- [Record set]

######

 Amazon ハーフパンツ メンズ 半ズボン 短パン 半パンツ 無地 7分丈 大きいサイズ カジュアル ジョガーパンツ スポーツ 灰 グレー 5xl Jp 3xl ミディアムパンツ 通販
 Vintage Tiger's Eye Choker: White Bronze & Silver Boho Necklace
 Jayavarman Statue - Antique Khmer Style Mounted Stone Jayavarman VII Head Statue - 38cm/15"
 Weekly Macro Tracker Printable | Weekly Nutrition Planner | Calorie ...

######

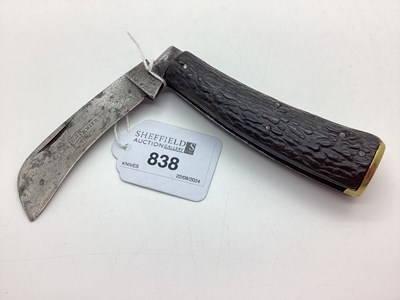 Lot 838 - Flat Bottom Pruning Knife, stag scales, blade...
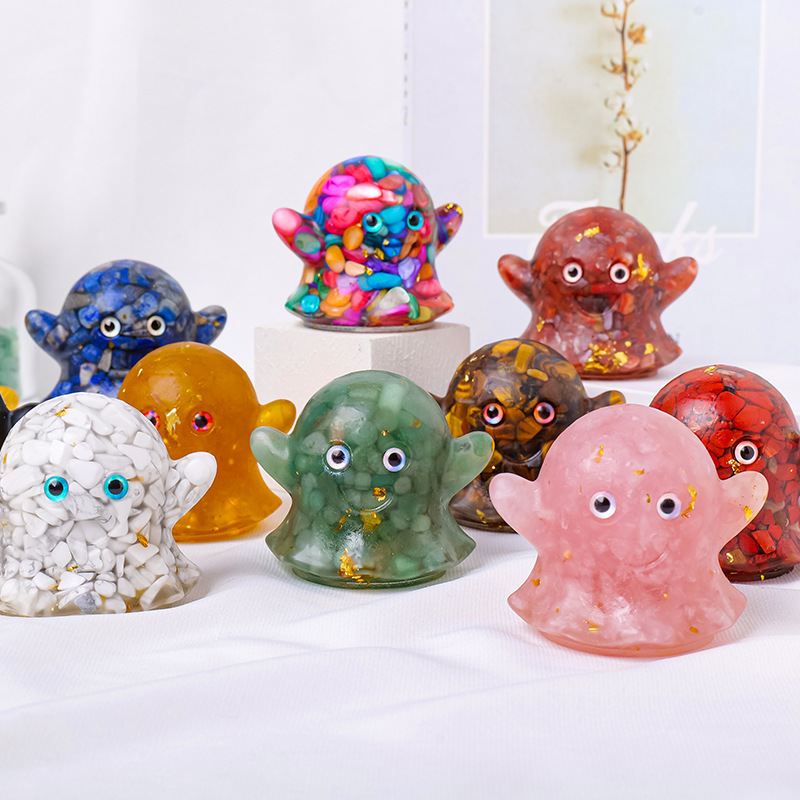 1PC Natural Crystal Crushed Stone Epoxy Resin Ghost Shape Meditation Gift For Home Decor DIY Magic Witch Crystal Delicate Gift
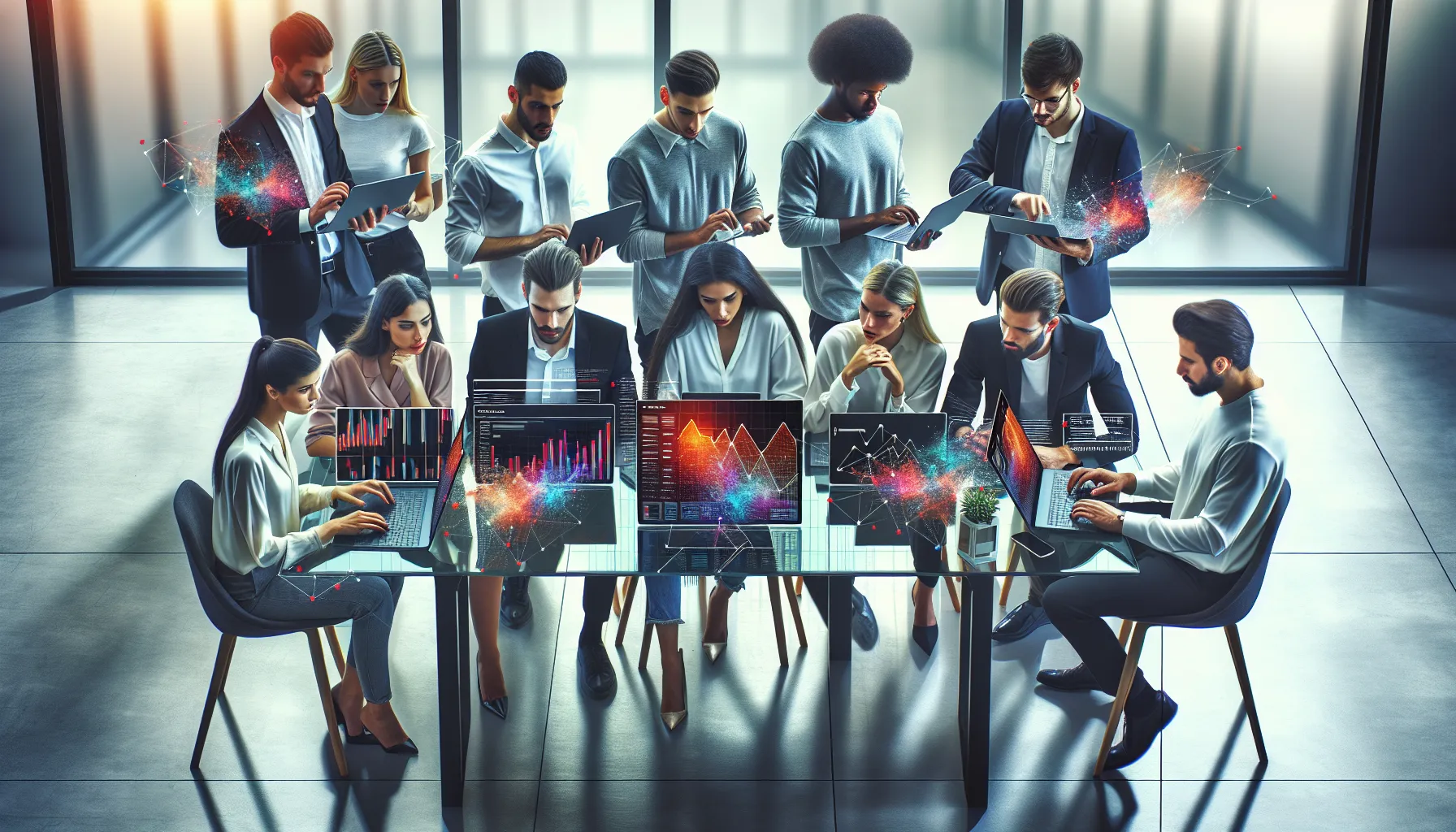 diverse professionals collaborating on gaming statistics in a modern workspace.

######

- [What to do] Only the lines above starting with the one with "Amazon ハーフパンツ メンズ" and going through the one with "Weekly Macro Tracker" are to be copied, word for word and with both ends kept.

- [Response area]
 Amazon ハーフパンツ メンズ 半ズボン 短パン 半パンツ 無地 7分丈 大きいサイズ カジュアル ジョガーパンツ スポーツ 灰 グレー 5xl Jp 3xl ミディアムパンツ 通販
 Vintage Tiger's Eye Choker: White Bronze & Silver Boho Necklace
 Jayavarman Statue - Antique Khmer Style Mounted Stone Jayavarman VII Head Statue - 38cm/15"
 Weekly Macro Tracker Printable | Weekly Nutrition Planner | Calorie ...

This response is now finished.